An ensemble-based model developed by combining more than two artificial intelligence techniques is called Committee Machines (CMs). CMs enjoy flexibility in modeling and know-how in resolving the deficiencies currently witnessed in the respective standalone model (Ghiasi-Freez et al. 2012; Chen et al. 2022; Yin et al. 2022a, b). The RC model is a kind of CM learning technique applied for addressing classification and regression issues and is considered to be an effective ensemble model (Niranjan et al. 2017). The RC model is able to develop hybridized randomizable base regressors or classifiers, each functioning based on the same data. However, a specific random seed is utilized and the final model response is obtained by averaging the estimations made by each standalone model (Witten and Frank 2005).

Disjoint aggregating (Dagging)

Developed by Ting and Witten (1997), the disjoint aggregating (Dagging) approach works on a proportionate stratified sampling scheme, dividing a dataset into a series of stratified folds in such a way that one individual learner manages a specific fold (Chen et al. 2020). Dagging is considered a robust tool for improving the accuracy of the weak single models in which a series of weak regressors are coupled using the voting rule for calculating the output of the model (Pham et al. 2020). The Dagging model can be established as follows: (i) The training dataset is split into a suite of "L" subsets; (ii) everyone should have "K" samples, and each sample belongs to only one subset; (iii) a regression model is developed for each subset, and in total, "L" regression models are obtained; and (iv) based on the comparison of the results from each regression model, the model with enough votes is selected for the Dagging algorithm (Chen and Li 2020).

Additive regression (AR)

AR model was introduced by Stone (1985). From a mathematical point of view, "Y" and explanatory "x_i" variables should be linked through a suite of nonparametric regression functions "f_i", which are in turn defined to be a regression function of the independent variables "x_i". Consequently, each independent variable "x_i" contributes to the final model in the form of (f_i (x_i)) compared to the linear form (λ_i x_i) used in the MLR model (Xu et al. 2017). The AR is a general (potentially nonlinear) regression model that includes linear regression as a special case. Suppose that variable $Y_{{\text{i}}} \left( {i = 1, 2, \ldots ,n} \right)$ is a function of unrestricted functions $f_{{\text{j}}} \left( {j = 1, 2, \ldots ,p} \right),$ which are determined by the input variables $X_{{{\text{i}}1}} , X_{{{\text{i}}2}} \ldots ,X_{ip}$, respectively.
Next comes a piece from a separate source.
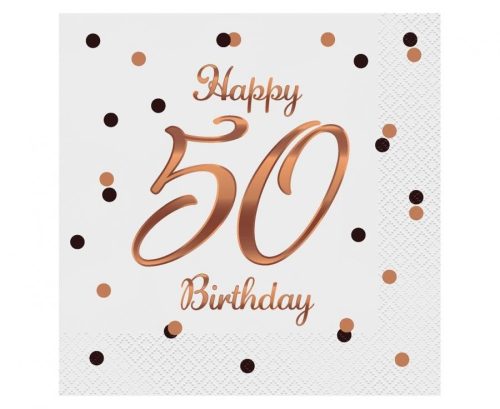 Happy Birthday 50 BandC White szalvéta 20 db-os 33x33 cm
The AR model is evaluated based on the following equation (Xu and Lin 2017; Tian et al. 2021a, b):

$$Y_{i} = \mathop \sum \limits_{j = 1}^{p} f_{j} \left( {X_{ij} } \right) + \mu_{i} , \;\mu_{i} \sim iid\left( {0,\sigma^{2} } \right),$$

(4)

where$f_{{\text{j}}} \left( {X_{{{\text{ij}}}} } \right)$ is a nonparametric function fit to the data. The random error term $\left( {\mu_{{\text{i}}} } \right)$ has zero mean and variance of $\sigma^{2}$. More AR details can be found in the study of Cui et al. (2010).
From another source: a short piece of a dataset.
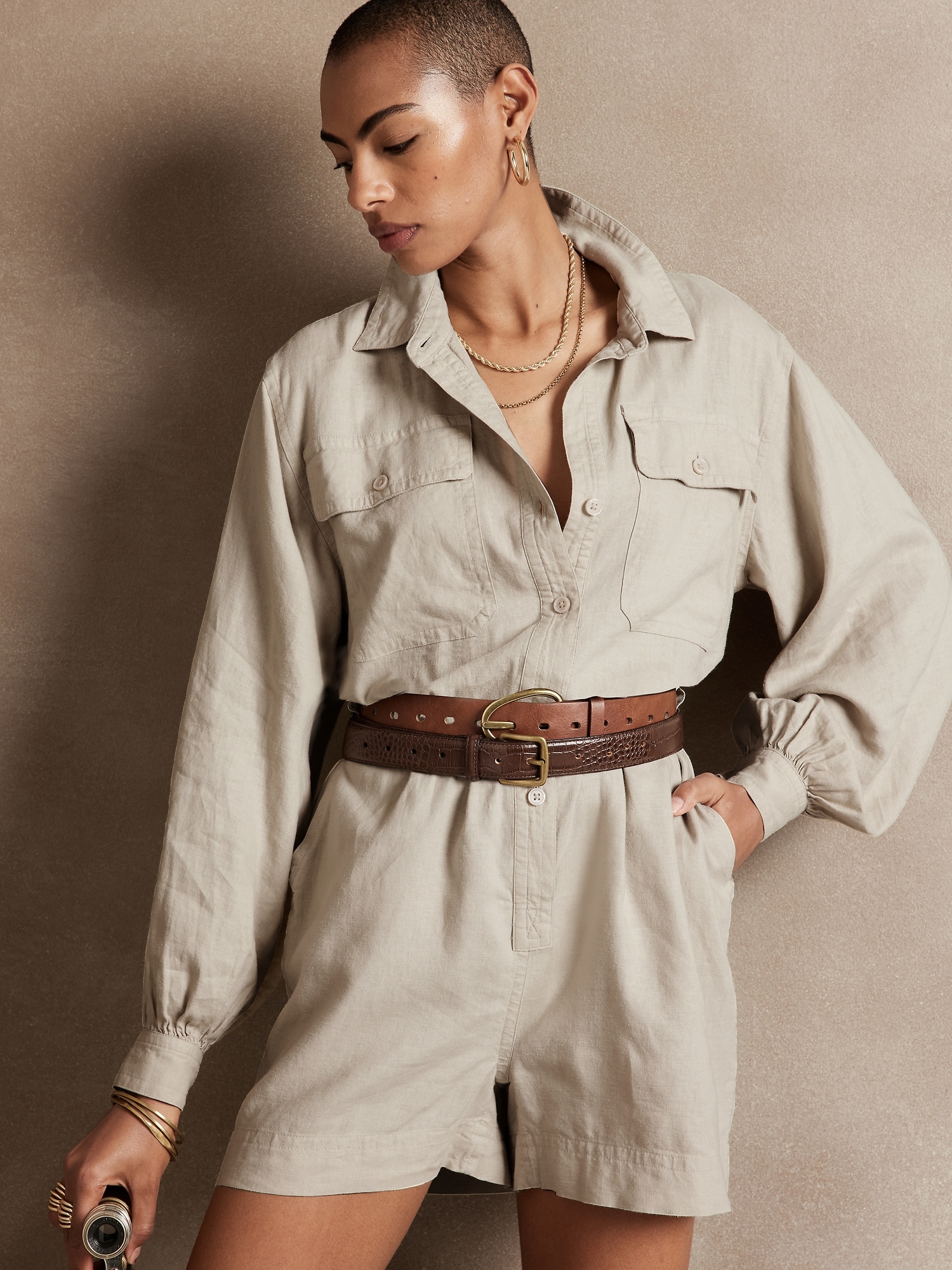 Linen-Blend Romper | Banana Republic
Evaluation and comparison of the models

RMSE, percentage of bias (PBIAS), Nash–Sutcliffe efficiency (NSE), and mean absolute error (MAE) are computed as follows (Legates et al. 1999; Moriasi et al. 2007a, b):

$${\text{RMSE}} = \sqrt {\frac{1}{N}\mathop \sum \limits_{i = 1}^{i = N} (Q^{{{\text{Pre}}}} } - Q^{{{\text{Obs}}}} )^{2},$$

(5)

$${\text{MAE}} = \frac{1}{N}\sum\limits_{i = 1}^{N} {\left| {Q^{{{\text{Pre}}}} - Q^{{{\text{Obs}}}} } \right|} ,$$

(6)

$${\text{NSE}} = 1 - \frac{{\sum\nolimits_{{i = 1}}^{N} {(Q^{{{\text{Pre}}}} - Q^{{{\text{Obs}}}} )^{2} } }}{{\sum\nolimits_{{i = 1}}^{N} {(Q^{{{\text{Obs}}}} - \overline{{Mean\;Q^{{{\text{Obs}}}} }} )^{2} } }},$$

(7)

$${\text{PBIAS}} = \left[ {\frac{{\mathop \sum \nolimits_{I = 1}^{N} \left( {Q^{{{\text{Pre}}}} - Q^{{{\text{Obs}}}} } \right)}}{{\mathop \sum \nolimits_{i = 1}^{N} Q^{{{\text{Pre}}}} }}} \right]*100,$$

(8)

where $Q^{{{\text{Obs}}}}$ is the observed rainfall, $Q^{{{\text{Pre}}}}$is the predicted rainfall, $\overline{{Mean Q^{{{\text{Obs}}}} }}$ is the mean of measured rainfall values, and N is the number of data samples (the number of test datasets). The lower the RMSE and MAE values, the higher the model performance. NSE ranges between $- \infty$ and 1, and the model with NSE = 1 is ideal. NSE is classified as unsatisfactory, acceptable, satisfactory, good, and very good performance for NSE ≤ 0.4, 0.40 < NSE ≤ 0.50, 0.50 < NSE ≤ 0.65, 0.65 < NSE ≤ 0.75, and 0.75 < NSE ≤ 1.00, respectively (Moriasi et al. 2007a, b). PBIAS can be used for model performance classification similar to NSE, and it shows the overall model underestimation or overestimation. Negative PBAISA indicates the model overestimation, while positive PBIAS represents underestimation (Legates and Mccabe 1999).

Results

Most effective input scenario

Based on the results provided in Fig. 4, the input scenario (6) composed of the variables MIRH, MARH, MAT, MIT, SSH, and Eva had the highest r-values at both training and validation phases and showcased the most effective variables in rainfall prediction. Hence, the developed models were tested using the input scenario (6), the performance of which is discussed in the following section.

Model evaluation

After calibrating and validating the developed models, the performance of the models was evaluated using the test data. The observed versus estimated rainfall values by different models are visualized as time-varying and scatter plots in Fig. 5. It was observed that the standalone models predicted rainfall with an R² of 0.568 and were less accurate than other models. In contrast, the estimated rainfall values obtained by all the developed ensemble models (DA-, RC-, and AR-based models) were much closer to the measured values with R² of 0.739, 0.735, and 0.738. It was demonstrated that the DA algorithm was much more robust and had higher predictive power than RC and AR models.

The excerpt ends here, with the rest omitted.